We analyze security of the encryption scheme using the hybrid argument. We define the following hybrid experiments as before.

  • Experiment \(\mathsf {NME}\textsf {-}q\textsf {-}\mathsf {CCA}^{(1)}_b\): \(\mathsf {NME}^{(1)}_b\) proceeds exactly like \(\mathsf {NME}\textsf {-}q\textsf {-}\mathsf {CCA}_b\), except we replace sig-check in \(\mathsf {NMDec}\) with sig-check \(^*\).

  • Experiment \(\mathsf {NME}\textsf {-}q\textsf {-}\mathsf {CCA}^{(2)}_b\): \(\mathsf {NME}^{(2)}_b\) proceeds exactly like \(\mathsf {NME}\textsf {-}q\textsf {-}\mathsf {CCA}_b^{(1)}\) except we replace \(\mathsf {NMDec}\) with \(\mathsf {NMDec}^*\).

We note that \(\Bigl \{ \mathsf {NME}\textsf {-}q\textsf {-}\mathsf {CCA}_b(\Uppi ,A,k,p(k)) \Bigr \}\) and \(\Bigl \{ \mathsf {NME}\textsf {-}q\textsf {-}\mathsf {CCA}_b^{(1)}(\Uppi ,A,k,p(k)) \Bigr \}\) are computationally indistinguishable for each \(b \in \{0,1\}\), which can be argued based on security of the signature scheme as in Claim 1. Moreover, \(\Bigl \{ \mathsf {NME}\textsf {-}q\textsf {-}\mathsf {CCA}_b^{(2)}(\Uppi ,A,k,p(k)) \Bigr \}\) and \(\Bigl \{ \mathsf {mIND}_b(E,B,k,k (\ell - t)) \Bigr \}\) are identically distributed for each \(b \in \{0,1\}\), which can be shown using the reduction in the proof of Claim 3. Therefore, we are only left to show the following claim to conclude the analysis.

Claim 4

For \(b \in \{0,1\}\), we have

$$\begin{aligned} \Bigl \{ \mathsf {NME}\textsf {-}q\textsf {-}\mathsf {CCA}_b^{(1)}(\Uppi ,A,k,p(k)) \Bigr \} \mathop {\approx }\limits ^{s} \Bigl \{ \mathsf {NME}\textsf {-}q\textsf {-}\mathsf {CCA}_b^{(2)}(\Uppi ,A,k,p(k)) \Bigr \} \end{aligned}$$

Proof

Let \(q = q(k)\) and for a ciphertext c, let \(\vec M_c\) denote the underlying plaintext matrix of c.
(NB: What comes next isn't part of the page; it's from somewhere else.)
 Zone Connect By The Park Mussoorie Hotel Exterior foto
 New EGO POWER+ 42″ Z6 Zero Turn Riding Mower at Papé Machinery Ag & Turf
As before, we will show that both distributions are statistically close for all possible coin tosses in both experiments (specifically, those of \(\mathsf {NMGen}, A\) and \(\mathsf {NMEnc}\)) except for the choice of S in \(\mathsf {NMGen}\). Recall that the value p(k) in the various \(\mathsf {NME}\textsf {-}q\textsf {-}\mathsf {CCA}\) experiments corresponds to the number of (mauled) ciphertexts that the adversary would come up with, after given the challenge ciphertext. Fix all the coin tosses apart from the choice of S. Here, however, unlike the case of chosen-plaintext attacks, we cannot immediately deduce that the outputs of \(A_2\) in both experiments are completely determined and identical, since they depend on the adaptively chosen queries to \(\mathsf {NMDec}\), and the answers depend on S. Still, the choice of S only affects whether the consistency checks accept or not; therefore, for each query, the number of possible responses of \(\mathsf {NMDec}\) is at most two (since we fixed all the coin tosses except S). Moreover, if a query c is such that \(\vec M_c \in \Uppi _N\), \(\mathsf {NMDec}\) will give only one response of \(\perp \) with overwhelming probability, according to the analysis in Section 4.2.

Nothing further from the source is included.